Exhibit 99.2

 

 

 

From: DRYCLEAN USA. INC.

 

290 N. E. 68 Street

Miami, FL 33138

Michael Steiner (305)754-4551

 

 

FOR IMMEDIATE RELEASE

 

Miami, FL – December 23, 2008 – DRYCLEAN USA, Inc. (listed New York Stock Exchange Alternext, formerly the American Stock Exchange, under the symbol “DCU”) announced that it received a proposal today from members of the Steiner family, the principal stockholders of the Company, to acquire all of the outstanding shares of the Company’s Common Stock. It is presently proposed that the transaction would be structured as a merger of the Company with a company to be owned by the Steiner family pursuant to which the public stockholders of the Company would receive $0.85 per share in cash, or an aggregate of approximately $2.55 million, for the approximately 3 million shares (approximately 43% of outstanding shares) of the Company’s Common Stock not currently owned by the members of the Steiner family.

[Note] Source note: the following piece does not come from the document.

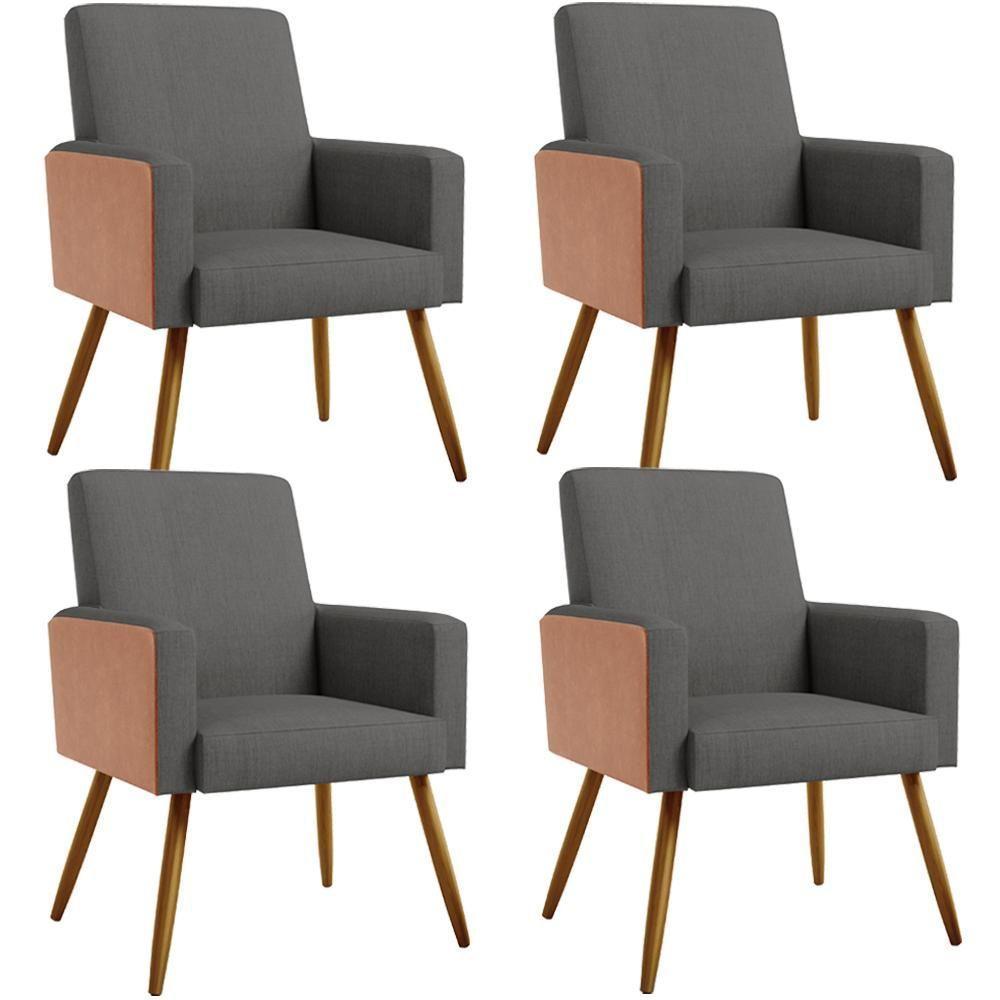 Kit 04 Poltronas Pés Palito Linho Cinza Escuro Camel - 1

The proposed purchase price represents a 13% premium over today’s $0.75 per share closing price of the Company’s Common Stock.

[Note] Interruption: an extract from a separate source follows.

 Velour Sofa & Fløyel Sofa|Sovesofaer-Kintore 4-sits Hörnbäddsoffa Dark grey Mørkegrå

The proposal is subject, among other things, to (i) entering into a definitive agreement with respect to the transaction, (ii) approval of the transaction by a special committee of the Company’s Board of Directors, and the full Board of Directors, (iii) receipt of satisfactory financing for the transaction and (iv) receipt of a fairness opinion from a financial advisor to the special committee of the Board stating that the proposed transaction is fair, from a financial point of view, to the public stockholders.

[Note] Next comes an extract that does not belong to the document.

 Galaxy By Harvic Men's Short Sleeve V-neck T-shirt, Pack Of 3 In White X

If the Company decides to proceed with the proposed offer described in this press release, of which there can be no assurance, it will file a proxy statement and other documents regarding the proposed offer with the Securities and Exchange Commission (“SEC”). The Company’s stockholders are urged to read the proxy statement when, and if, it becomes available, because it will contain important information. Investors and stockholders may obtain a copy of the proxy statement (when and if it is available) and any other relevant documents filed by the Company with the SEC for free on the SEC’s web site, www.sec.gov. In addition, in the event the Company decides to proceed with the proposed offer, the Company and its directors, executive officers and certain of its employees may be deemed to be participants in any solicitation of proxies of the Company stockholders in connection with the proposed offer. Such individuals may have interests in the transaction. A current detailed list of the names, affiliations and interests of the participants in the solicitation, by stock ownership or otherwise, can be found in the proxy statement relating to the Company’s 2008 Annual Meeting of Stockholders that was filed with the SEC on October 17, 2008, and in any proxy statement that may be filed with the SEC in connection with the proposed offer.

 


DRYCLEAN USA, Inc. through its subsidiaries is one of the nation’s leading distributors of industrial laundry, dry cleaning machines and steam boilers. Its subsidiary, DRYCLEAN USA license Corp, is one of the largest franchise and license operations in the dry cleaning industry, in the United States, the Caribbean and Latin America.

This press release contains certain information that is subject to a number of known and unknown risks and uncertainties that may cause actual results and trends to differ materially from those expressed or implied by the forward-looking statements. Information concerning such factors are discussed in Company reports filed with the SEC.